Kingston must plan without experienced Kearney

Cork senior hurling manager Kieran Kingston is looking forward to the start of the 2020 National Hurling League but he will have to plan without long-serving midfielder Daniel Kearney.
The Sarsfields player has opted out for the foreseeable future and will not be available for selection for Cork this season at least.
“Daniel’s not involved,” Kingston said.
“We’d love to have him involved, as would the players, but Daniel, for his own reasons, has decided to take some time out from hurling at inter-county level and we respect that decision and wish him the best.
“At this stage, I don’t think we can look at Daniel for 2020. He has been recently made captain of Sars as well and we have to respect his decision. He wanted some time out of inter-county hurling, he’s nine or ten years giving his life to it.
“We’d love to have him but we don’t and we have to move on. It gives an opportunity to someone else.”
Kingston also expanded on the injuries Cork are dealing with ahead of their NHL season opener this weekend against Waterford.

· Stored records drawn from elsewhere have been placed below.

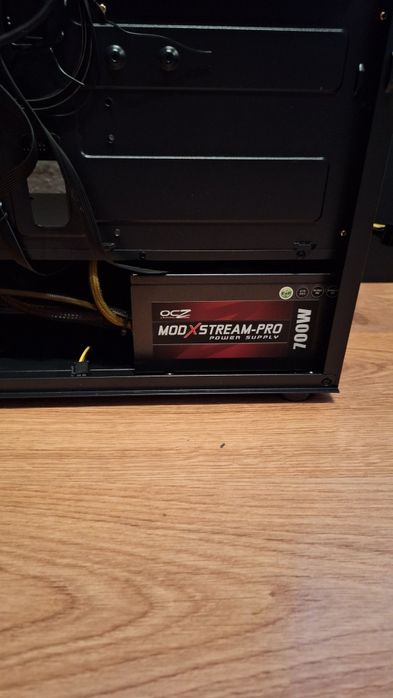 PC i3 13100f 4x4.50GHz/RX 8GB/16GB DDR4+512SSD Win11/NOWE podzesp,aces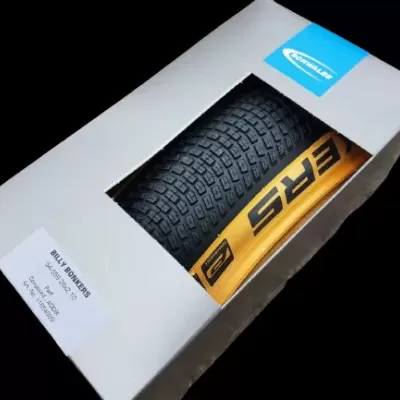 PNEU SCHWALBE BILLY BONKERS 20x2.00 HS600 PERFORMANCE LINE ADDIX PLEGABLE NEGRO/MARRON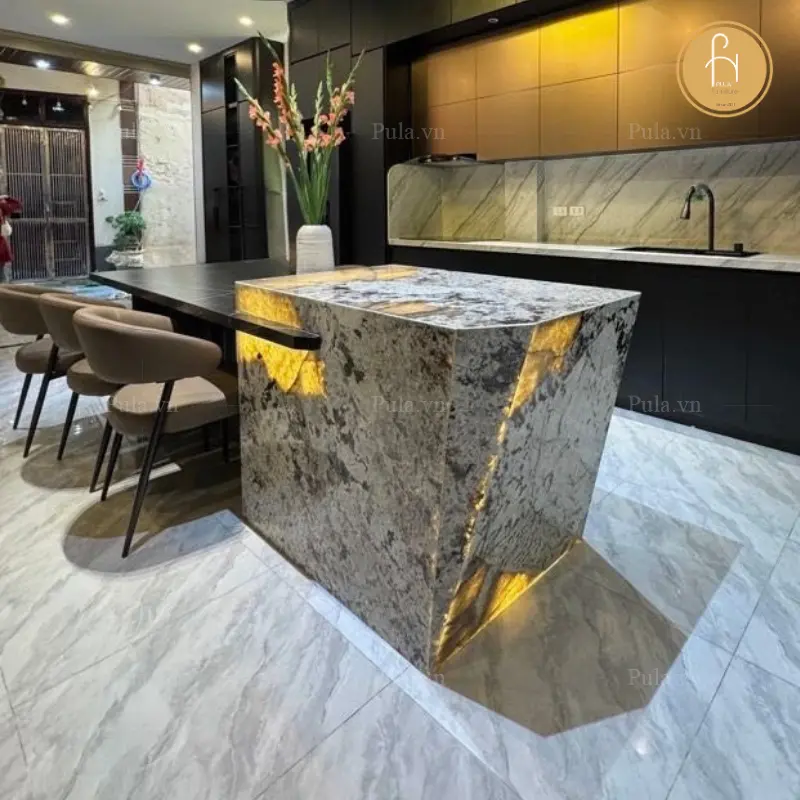 Ứng dụng đ&aacute; xuy&ecirc;n s&aacute;ng l&agrave;m b&agrave;n đảo bếp trong căn hộ cao cấp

"Colm Spillane has had some game time but is not fully back. Colm hasn't played since the county final in 2018. That was his last game.

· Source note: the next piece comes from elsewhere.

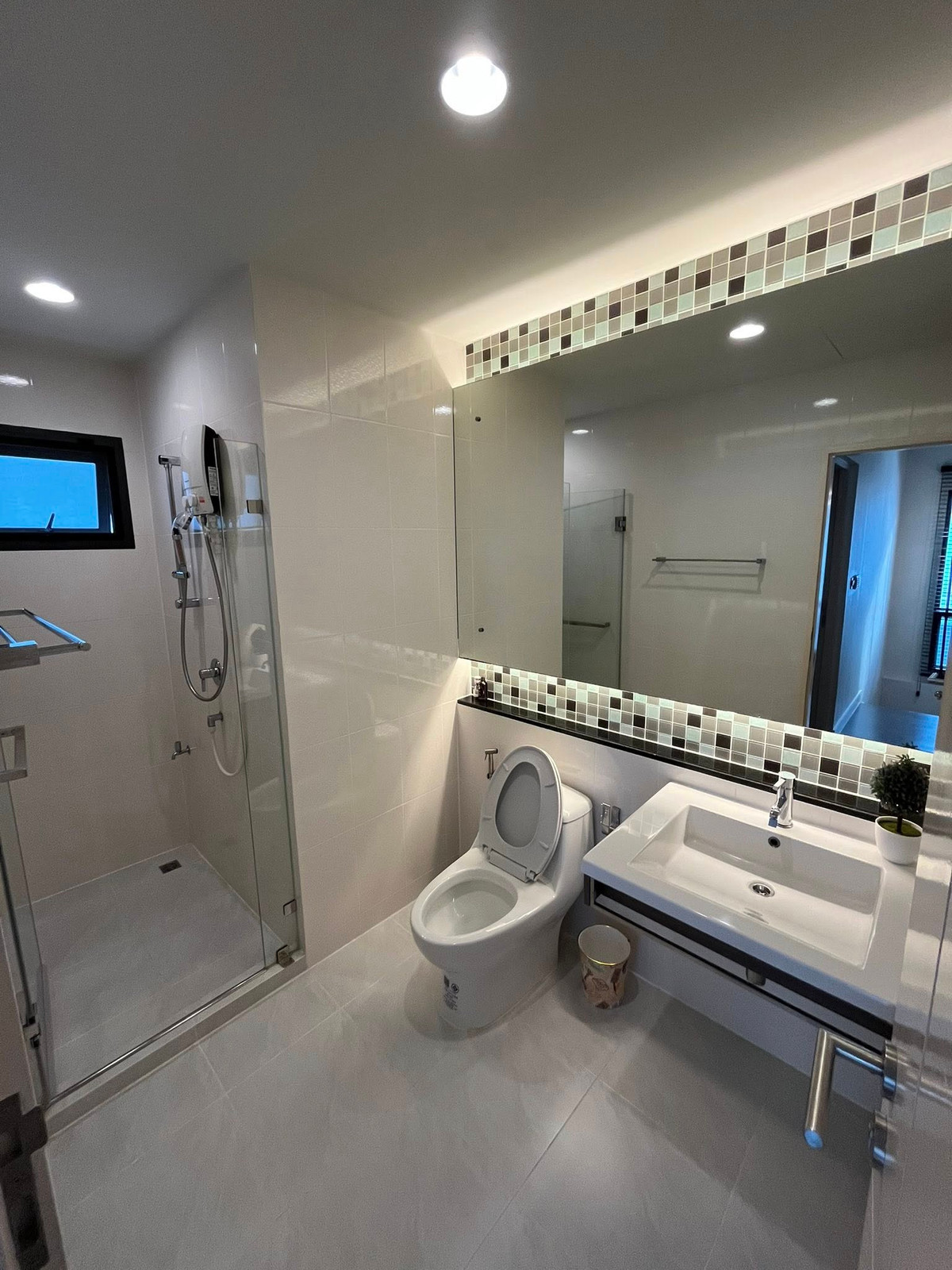 For RentHousePattanakan, Srinakarin : For rent Setthasiri Krungthep Kreetha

“We gave him some time against Waterford, he got some time against Limerick, it was the first time he really got a bit of gametime into him which is great. But it's just a matter of incrementally increasing that as opposed to full exposure too quickly. Back and achilles, he had two injuries so it took a while.

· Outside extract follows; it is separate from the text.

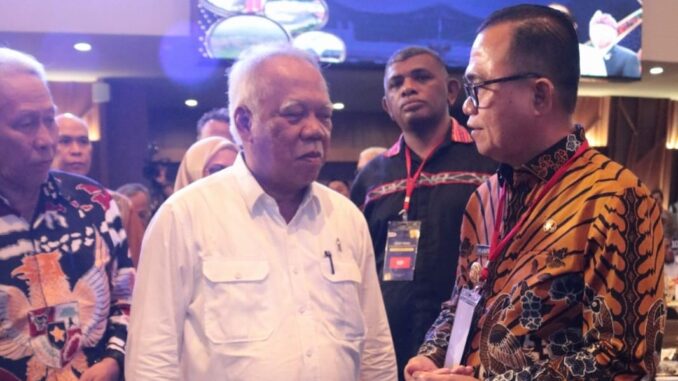 Kementrian PUPR mengalihkan pengelolaan Jalan Sudirman kepada Pemko Bukittinggi.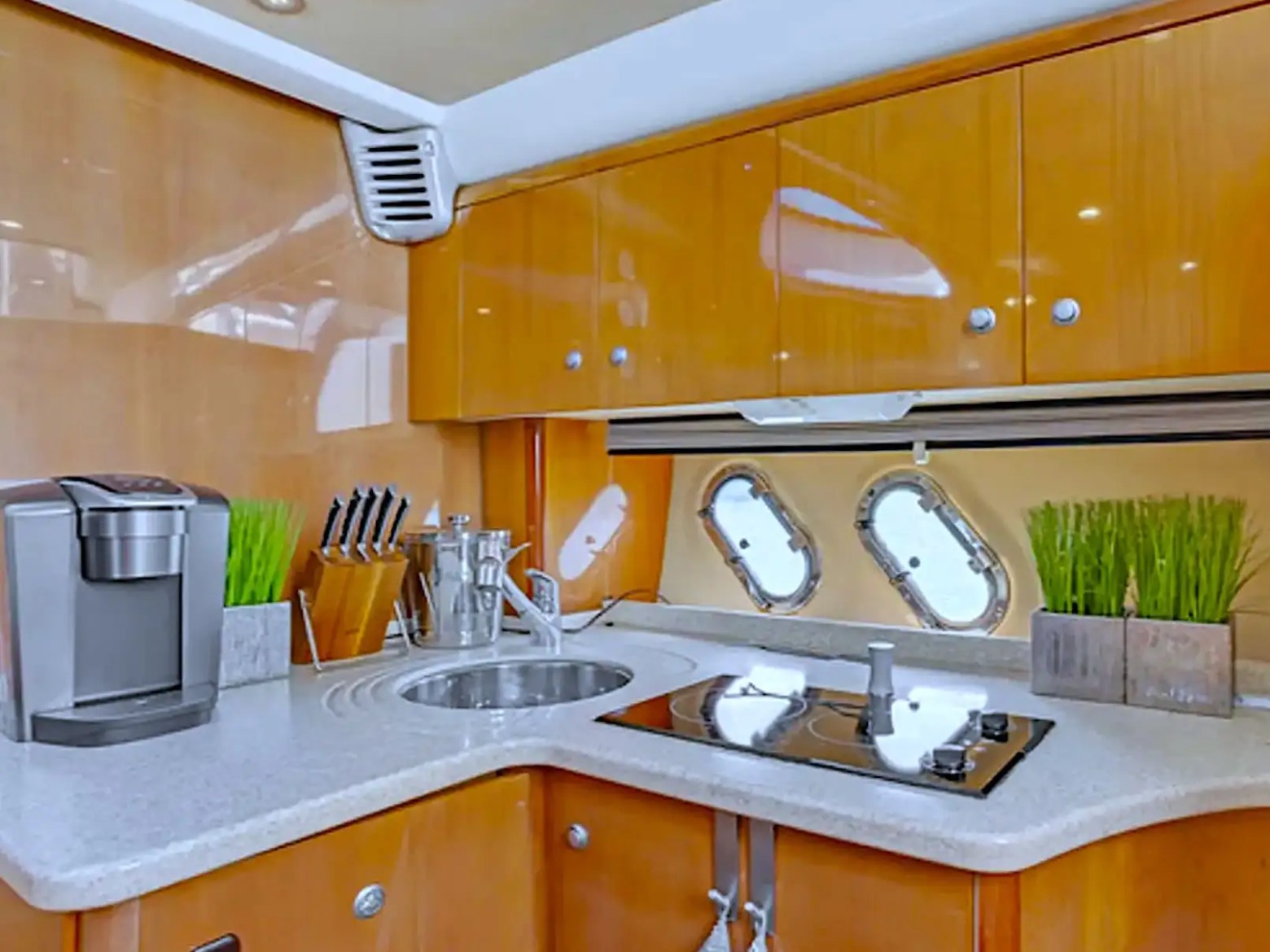 50′ Cranchi guests lounging Key Biscayne – image 09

"Alan Cadogan is there or thereabouts, Sunday is probably coming too soon for him.
“Then we have Mark Ellis, Christopher Joyce, more longer term injuries.”
Cork must also deal with a high number of players involved in the Fitzgibbon Cup?
"We've only four or five playing midweek this week because UCC don't have a game and most of our guys that are with the college are with UCC - we've 14 with them.
“They were playing yesterday, we must see that they came through okay. I don't think there's anything major yet.”
Kingston and his management team will be hoping that Declan Dalton and Ger Millerick came through unscathed last Saturday evening, when both played for Fr O’Neill’s in a narrow defeat to Tullaroan in the All-Ireland intermediate club final.
“Declan’s on our panel and Ger is, they’ve both been there since the start, since we got together in November. Unfortunately we haven't seen a lot of democracy because they've been involved with their clubs.
“But yeah, we’ll sit down with Declan this week and see where he's at, and Ger and see if they’re carrying any niggles and reintegrate them both back into the panel.”
Kingston also acknowledged that Cork have been integrating players from last year’s U20 squad and the previous year’s U21 team, both of which reached the All-Ireland finals in their grades, losing to Tipperary on both occasions.
“That’s a challenge obviously with the grade having gone from U21 to U20 you’re dealing with an age group that’s a year younger.
“Some may be ready, some may not be, so there’s an integration process that’s like a mini development squad in between - between your u20 grade and your senior.
“And we have a good few of last year’s U20 team, and the previous year’s U21 team, who are on our panel. We’re just building them up and working with them, giving them the best opportunity to compete at senior level because there's a quite a gap between a 19-year-old and and jumping to senior straightaway.
“We have a good few of those and some come through quicker than others, but you obviously have a core squad and players within that as part of a development squad.”